Certain groups of words have intentionally been left out of my Glossary for Adam Smith’s The Wealth of Nations. Here’s an outline of which types of words, and why.

To begin, the Glossary does not provide explanations of terms that, even while potentially confusing on their own, make sense in context. For example, when Smith writes…

“The following goods, however, were excepted: alum, lead, lead ore, tin, tanned leather, copperas, coals, wool cards, white woolen cloths, lapis calaminaris, skins of all sorts, glue, coney hair or wool, hares’ wool, hair of all sorts, horses, and litharge of lead.”

…the reader does not need to know what “lapis calaminaris” actually is, in order to understand the point of the sentence — namely, that the law being discussed made exceptions for a large number of kinds of goods.

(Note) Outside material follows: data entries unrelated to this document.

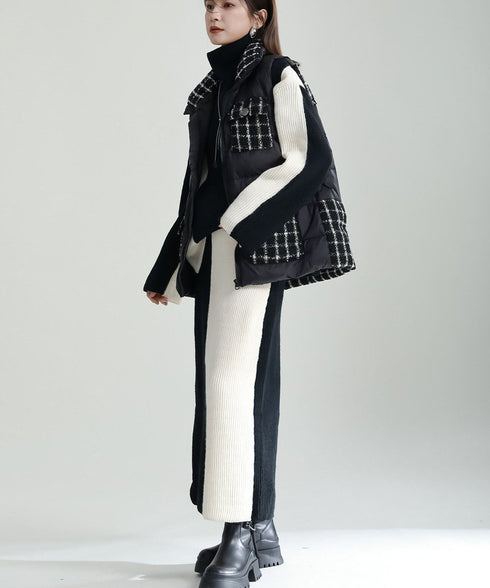 Bicolor Sweater & Skirt Co-ord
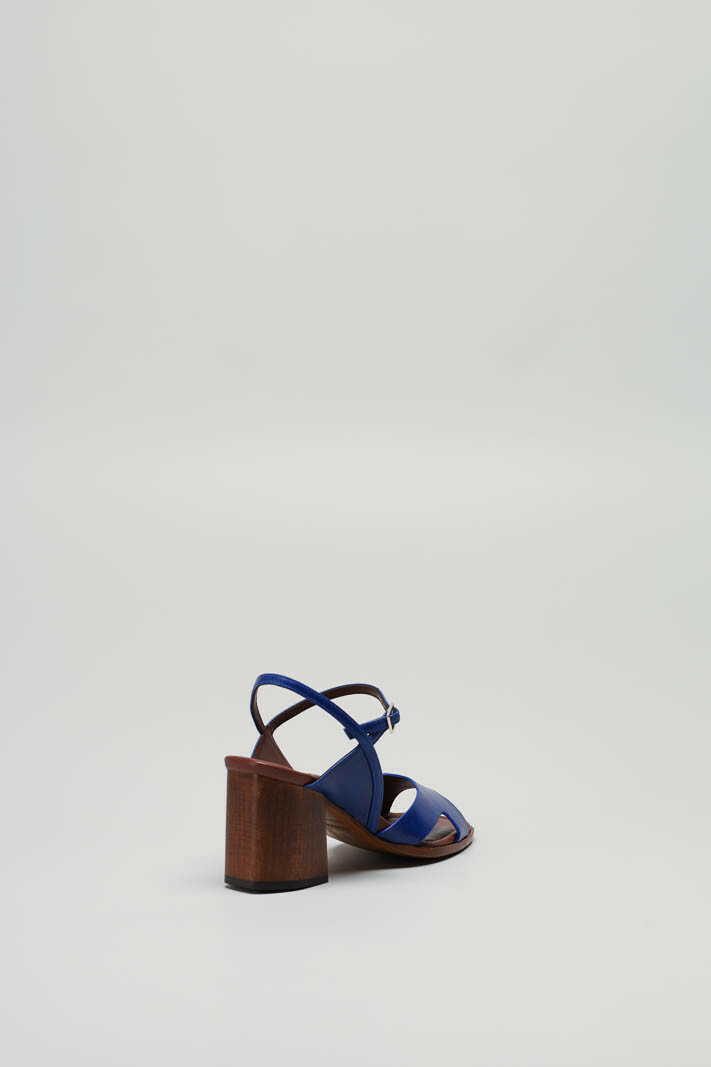 zoom in on Blauw Sandaal hak image Blauw Sandaal hak image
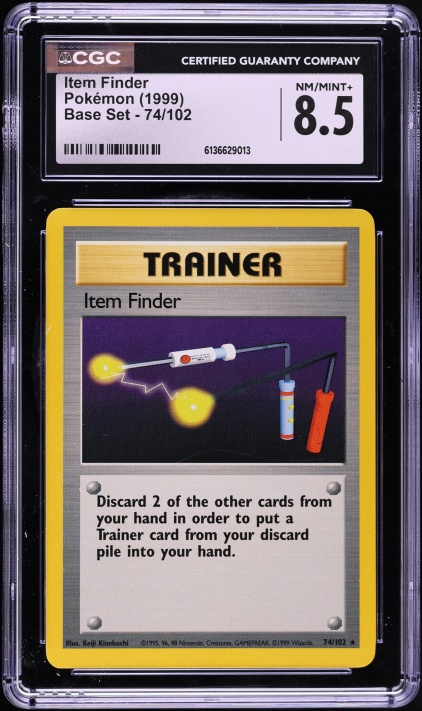 pokemon item finder card (103/130) [Base Set 2]  Plug Trainer Rule Pokemon Trading Card Game Base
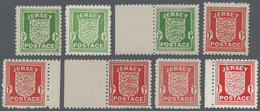 **/* Dt. Besetzung II WK - Jersey: 1941, 1/2 Penny Und 1 Penny , Postfrische/ungebrauchte Zusammenstellun - Bezetting 1938-45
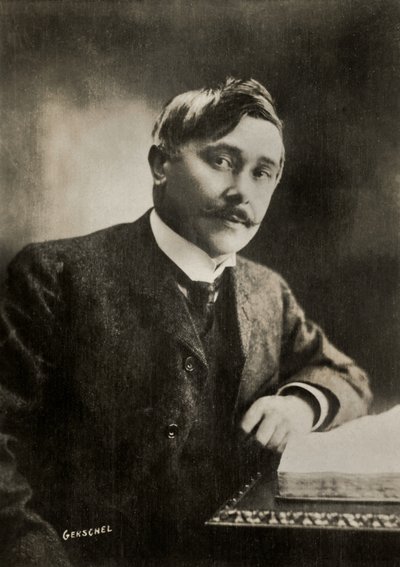 Maurice Maeterlink belga író portréja (fotó) alkotó: Aaron Gerschel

Secondly, I also have not generally included words that had a special significance in Smith’s 18th Century Great Britain. The word “parish”, is a good example. At one point in The Wealth of Nations, Smith refers to the role of parishes in governing the lives of workers. The word “parish” of course is in current usage, though it will be most familiar to members of certain Christian church groups. Modern readers may well be mildly confused by the particular way in which Smith uses the term, because most modern societies no longer give church parishes any government function at all. However, this problem cannot be eliminated by any simple substitution of terms — to explain the significance of parishes in 18th Century Great Britain requires more some understanding of the socio-political context, and goes beyond what can be provided in a simple Glossary.

Thirdly, I have omitted words that Smith himself explains. For example, Smith refers at one point to “a prohibition … of claying or refining sugar for any foreign market.” The word “claying” may of course be unfamiliar, but Smith himself explains that it means “refining.”

Finally, I have likewise left out words and phrases that refer to monetary units. When Smith writes of English “pounds and farthings” or “French sou,” many North American readers may be confused. However, in most cases the point that Smith is making – about the rise or fall of prices, or the relative value of one kind of labour to another – will generally be clear from context, the actual units of currency providing only an illustration.